§ Instructions for the task
The lines in the listing below are to be given again exactly, starting at the line holding "10100 E S Ave, Scotts, MI 49088 photo 39" and ending at the line holding "Francesco * Ровинь". Do not include pictures.

§ Data
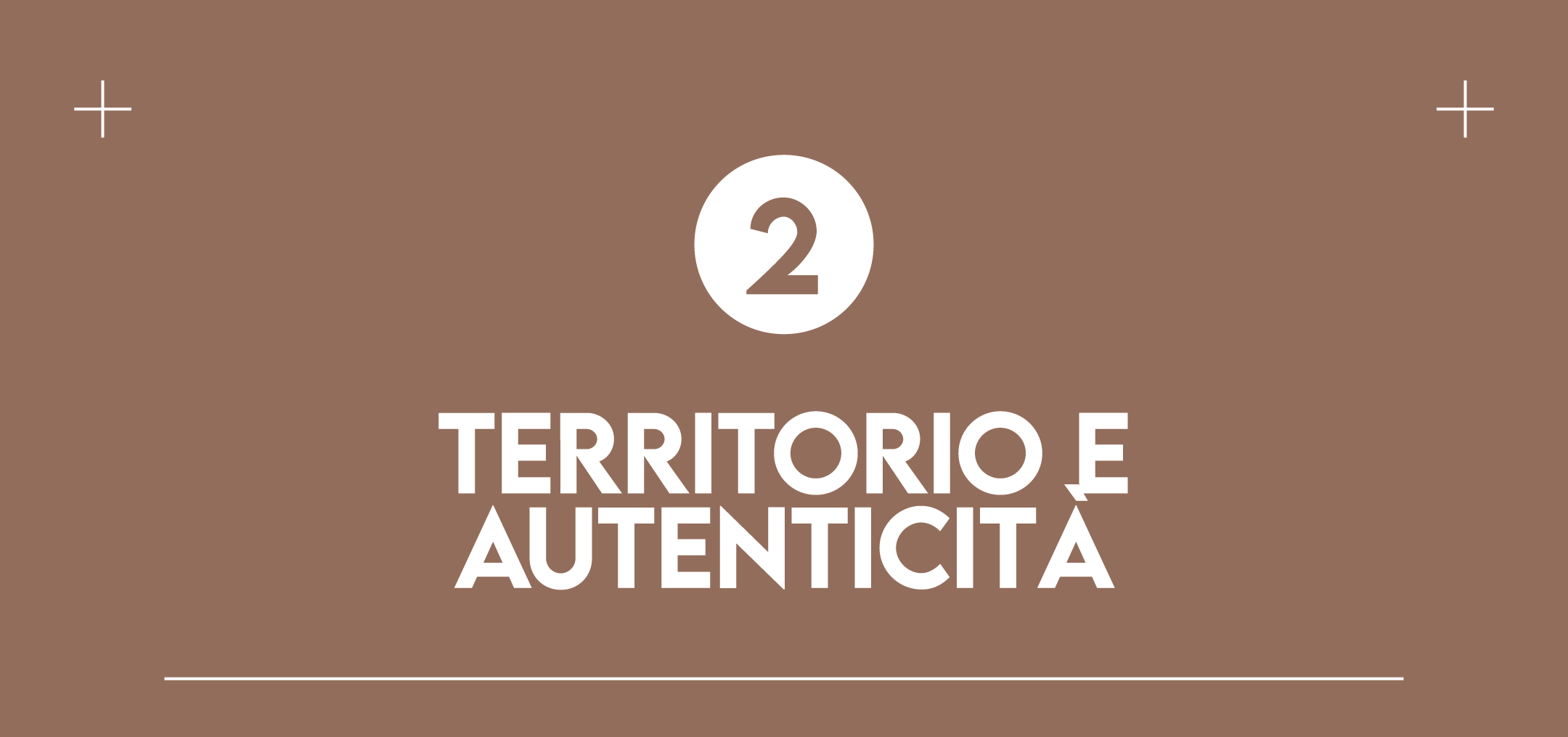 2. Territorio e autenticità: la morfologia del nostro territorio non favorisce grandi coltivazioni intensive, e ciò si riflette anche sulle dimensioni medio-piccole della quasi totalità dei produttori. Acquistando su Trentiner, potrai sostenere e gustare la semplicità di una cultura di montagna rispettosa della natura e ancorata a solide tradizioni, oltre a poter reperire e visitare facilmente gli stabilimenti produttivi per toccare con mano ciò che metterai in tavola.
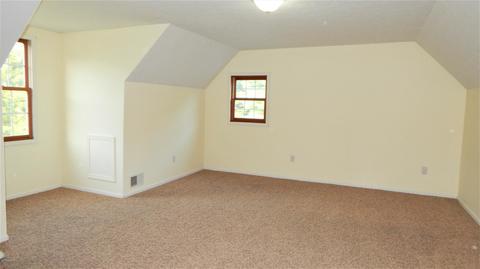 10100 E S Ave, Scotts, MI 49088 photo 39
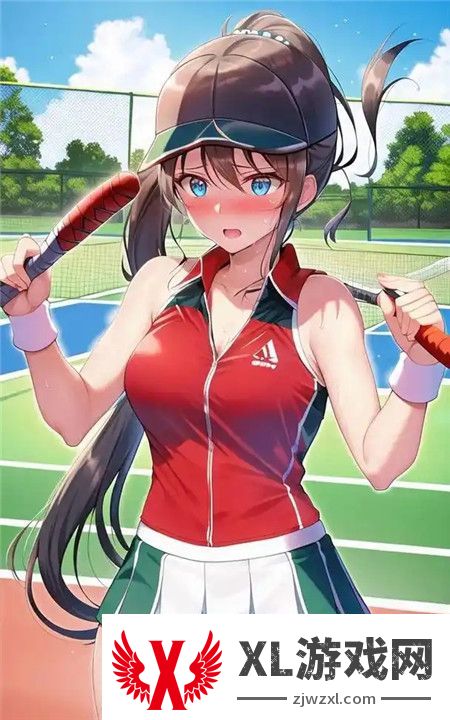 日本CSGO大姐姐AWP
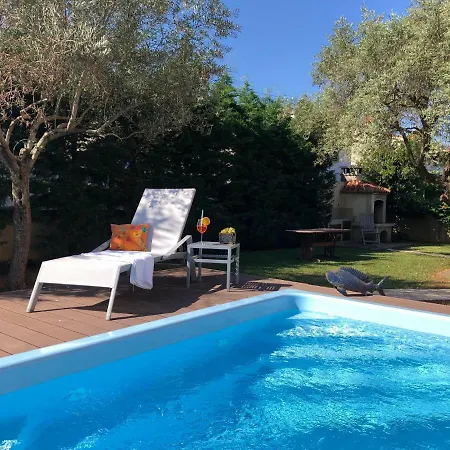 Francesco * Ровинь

...

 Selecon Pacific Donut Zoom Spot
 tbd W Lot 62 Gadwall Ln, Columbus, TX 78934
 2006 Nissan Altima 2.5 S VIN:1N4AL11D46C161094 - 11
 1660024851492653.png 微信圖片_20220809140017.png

--

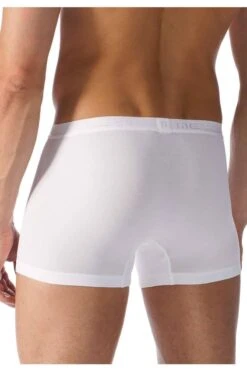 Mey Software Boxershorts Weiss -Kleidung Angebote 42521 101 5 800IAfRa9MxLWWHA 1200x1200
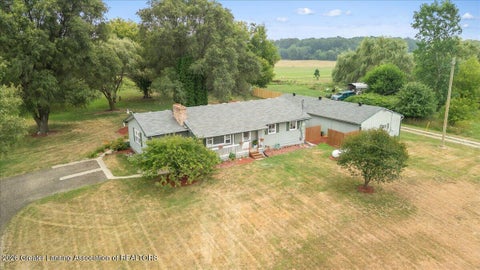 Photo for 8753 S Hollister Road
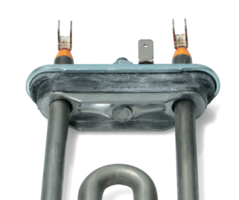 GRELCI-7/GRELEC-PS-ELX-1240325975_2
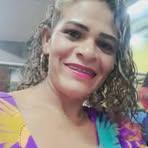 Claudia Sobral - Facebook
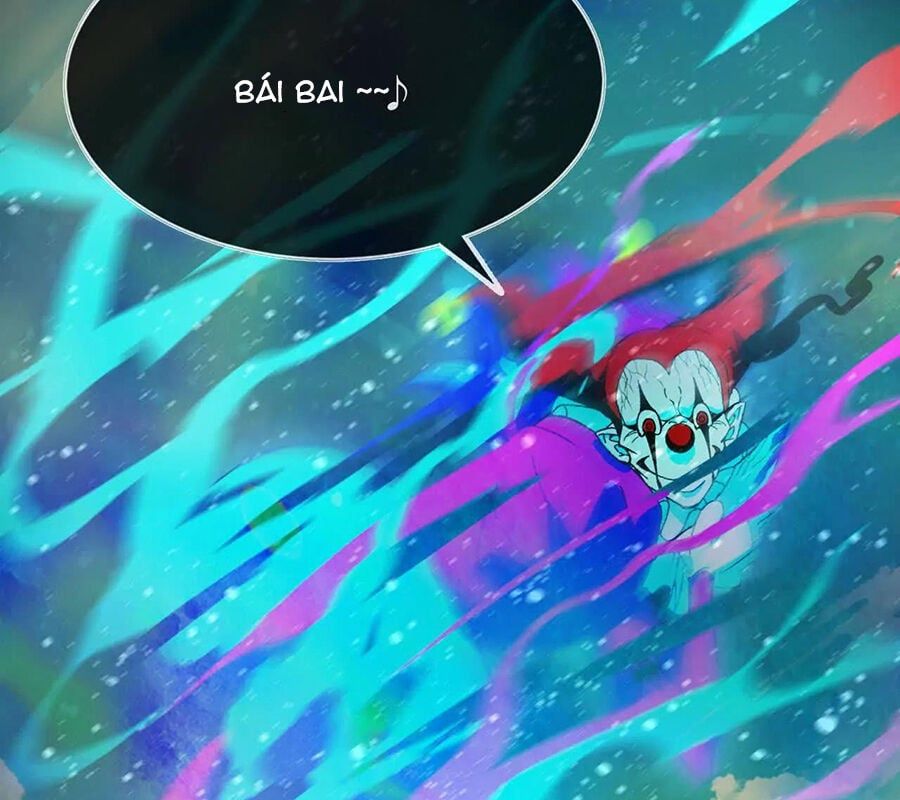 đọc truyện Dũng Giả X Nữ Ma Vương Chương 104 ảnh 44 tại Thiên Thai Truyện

§ Output for this exercise
 10100 E S Ave, Scotts, MI 49088 photo 39
 日本CSGO大姐姐AWP
 Francesco * Ровинь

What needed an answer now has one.